TASK DESCRIPTION:
All of the records below must be output exactly, with no pictures carried over.

(Images for object localization)
*** Begin section ***

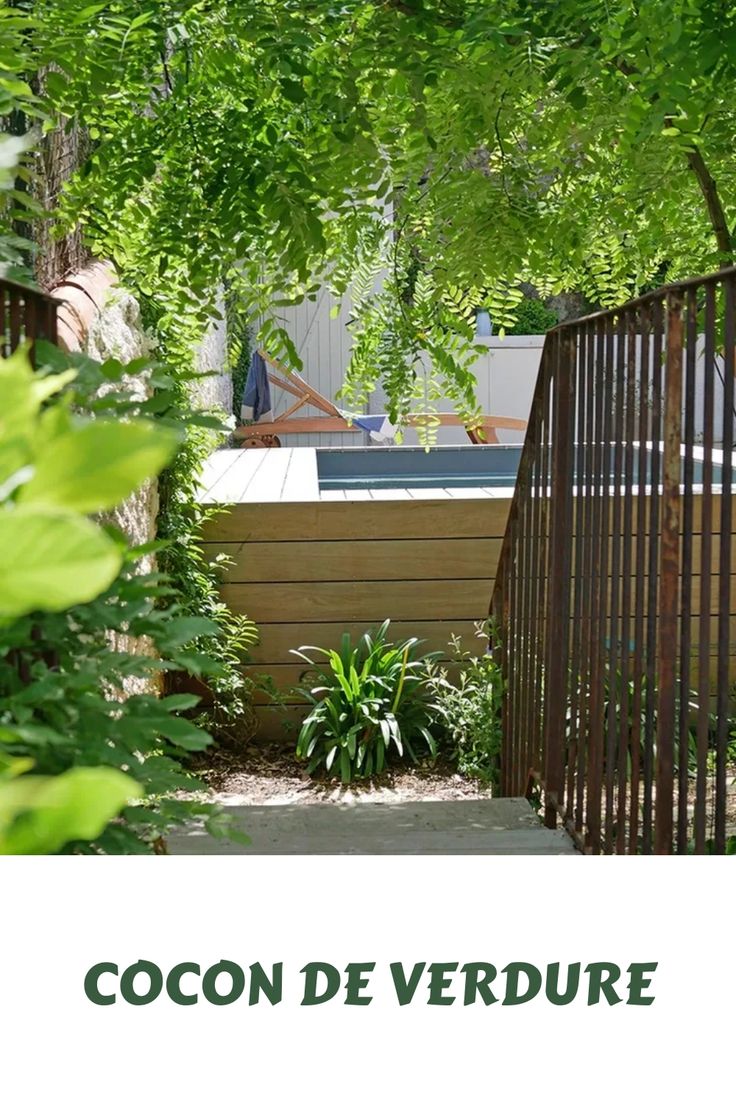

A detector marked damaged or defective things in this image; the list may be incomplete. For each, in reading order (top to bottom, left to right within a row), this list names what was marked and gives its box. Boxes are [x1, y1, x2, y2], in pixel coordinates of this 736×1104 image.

rusty metal railing [0, 276, 57, 358]
rusty metal railing [488, 266, 736, 852]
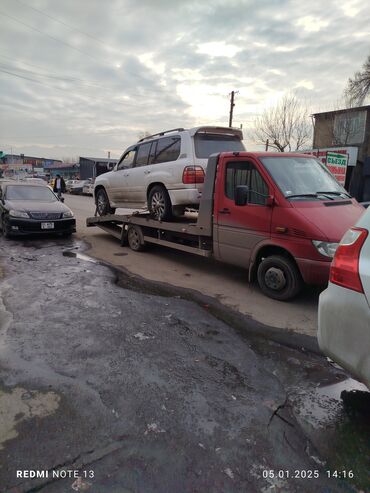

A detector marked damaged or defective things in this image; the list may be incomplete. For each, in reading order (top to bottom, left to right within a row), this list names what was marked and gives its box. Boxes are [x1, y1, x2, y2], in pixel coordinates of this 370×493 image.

cracked pavement [0, 236, 368, 490]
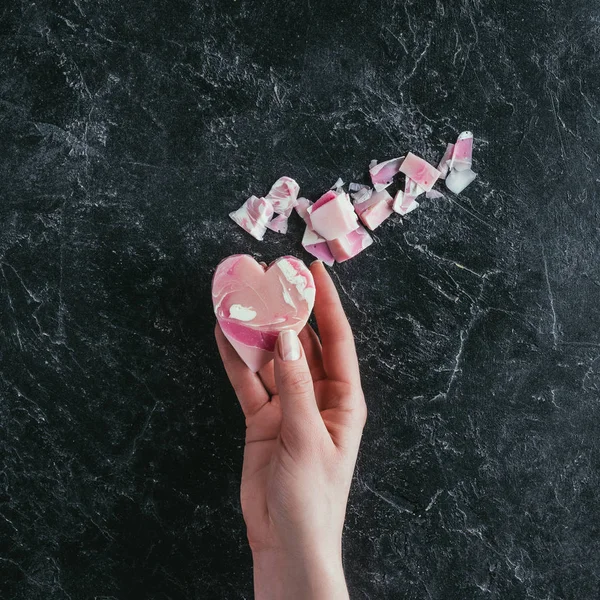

*** End section ***

OUTPUT FOR THIS TASK:
A detector marked damaged or defective things in this image; the list may be incomplete. For each, in reading order (top to bottom, left to right within a row), this list names what was marked and gives its box. Boxes are [x1, y1, x2, y2], in pixel coordinates of this 736×1104 image.

rusty metal railing [0, 276, 57, 358]
rusty metal railing [488, 266, 736, 852]

A detector marked damaged or defective things in this image; the list may be incomplete. For each, in reading order (top to bottom, left to right within a row), this list names what was marked and gives its box. Boxes are [x1, y1, x2, y2], in pixel coordinates of this 370×493 image.

cracked pavement [0, 236, 368, 490]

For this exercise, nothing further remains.